流域一貫開発へ
出典: フリー百科事典『ウィキペディア(Wikipedia)』 (2021/06/14 21:05 UTC 版)
「飛騨川流域一貫開発計画」の記事における「流域一貫開発へ」の解説
飛騨川流域の水力発電事業を継承した中部電力は、日本発送電が調査していた朝日発電所とダム工事に着手する。当時電力施設は空襲による破壊や酷使による故障、新規開発の停滞により十全の電力供給を図れなかった。反面電力需要は民需用電力の使用制限が解除されたことで爆発的に増加、結果需給バランスが崩壊して頻繁な停電を伴う深刻な電力不足に陥った。このため大規模な貯水池を有する水力発電所を建設することで年間を通じ安定した電力供給を行い、当時石炭不足で稼働率の低かった火力発電所に代わる主力設備として大規模なダムを擁する水力発電所の建設が日本各地で盛んに行われるようになった。さらに流域間で効率的な水の利用を行うことで既に運転している水力発電所の出力や年間発生電力量を増加させることも電力供給上重要となった。このため飛騨川流域でも戦前とは異なり流域全体で水力発電開発計画を進める必要が生じ、朝日発電所の建設などを経て1962年流域全体の大規模水力開発計画を立てた。飛騨川流域一貫開発計画である。 まず朝日発電所については飛騨川本流に朝日ダムを、支流の秋神川に秋神ダムを建設し両方の貯水池より導水した水を発電所に送り、2万500キロワットの発電を行う。朝日発電所は1953年(昭和28年)に両ダムと共に完成、運転を開始。続いて小坂・瀬戸第一発電所間に残された落差を有効利用するための東上田発電所(出力3万5000キロワット)の建設が始まり、飛騨川本流の旧小坂町東上田に東上田ダムを建設して発電する水路式発電所として1955年運転を開始。さらに小林重正が発案し1920年に水利権使用許可を得ていた久々野発電所(出力3万8400キロワット)は1960年(昭和35年)より朝日ダムの直下流に久々野ダムを建設、トンネルによって大野郡久々野町(現在の高山市久々野町)の発電所に送水するという計画で、1962年に運転を開始した。 朝日・東上田・久々野の3発電所は河川の流量が減少する冬季の渇水期にも安定して発電し、電力需要のピークに対応可能とするため建設されたが、1960年代に入ると大容量火力発電所の建設が活発になり次第に電力開発の主眼が水力から火力へ移行する「火主水従」時代になりつつあった。また原子力発電も実用化され始めた。

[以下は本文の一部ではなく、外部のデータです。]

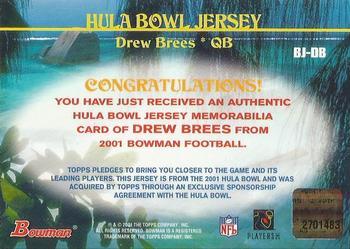 2001 Bowman - Bowl Jerseys #BJ-DB Drew Brees Back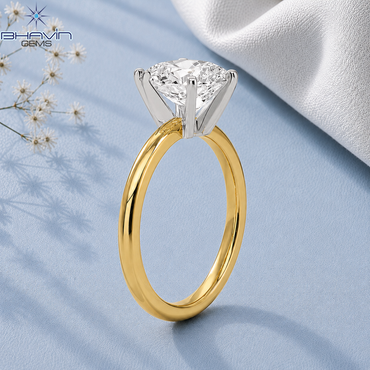 Pear Shaped Diamond Two-Tone Six-Prong Solitaire Engagement Ring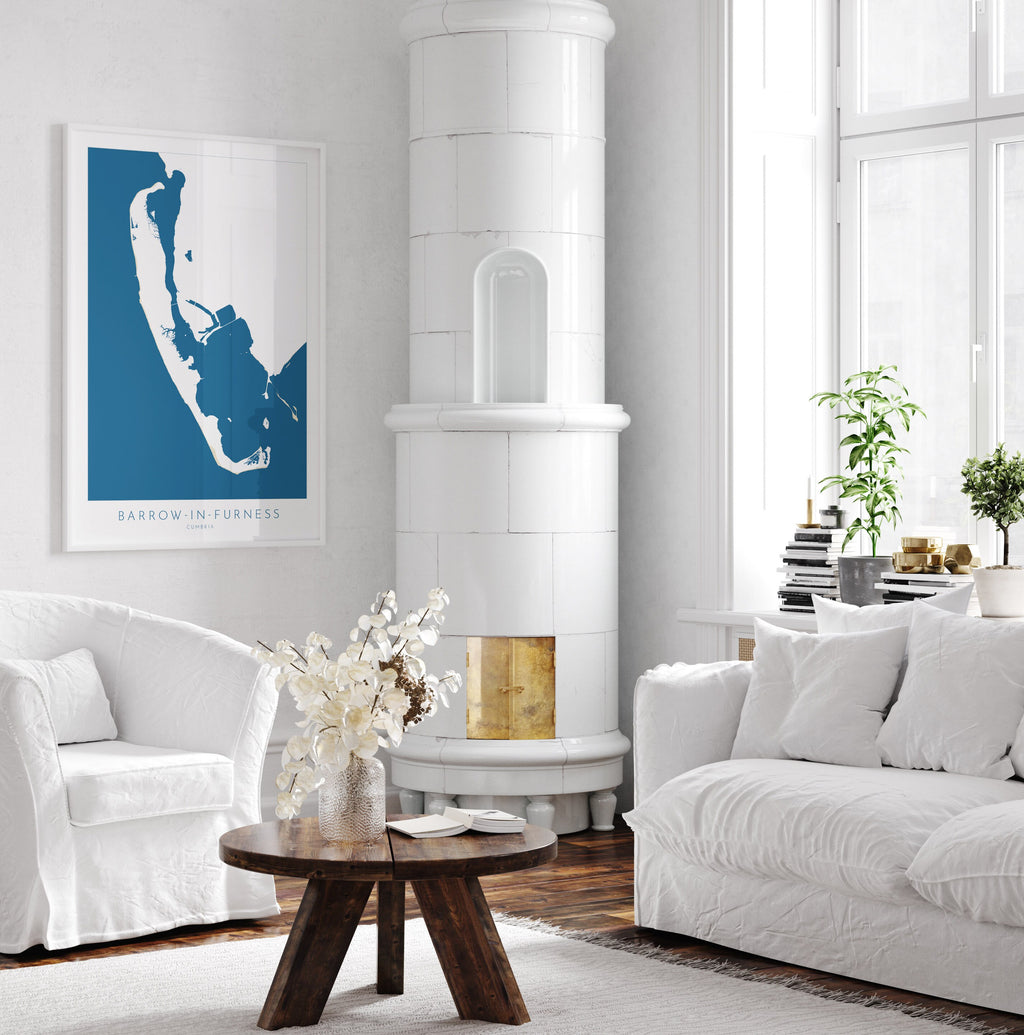 Barrow-in-Furness Map Art - Barrow-in-Furness Art Print, Cumbria Map Art, Cumbria Travel Poster, Nautical Décor, UK Coast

こうした火力発電や原子力発電は高出力運転を継続しなければならないため、緊急時即座に出力を増強する運転は困難であった。これを補い火力・原子力との連携を図る上で注目されたのが揚水発電であり、1965年7月には従来の飛騨川流域一貫開発計画を拡充した飛騨川150万キロワット一貫開発計画を立案。その根幹事業として計画されたのが高根第一・第二発電所である。飛騨川本流最上流部の大野郡高根村(現在の高山市)に高根第一ダムと高根第二ダムを、両ダムの間で揚水発電を行う高根第一発電所(出力34万キロワット)と、高根第二ダムを取水元とする高根第二発電所(出力2万5100キロワット)をそれぞれ建設して増加する電力需要に対応するというものである。両発電所は1969年(昭和44年)に運転を開始し、飛騨川流域における電力発生量は大幅に増加した。なお高根第一ダムは飛騨川流域における唯一のアーチ式コンクリートダムであり、高さ133.0メートルは飛騨川流域随一を誇る大規模なダムである。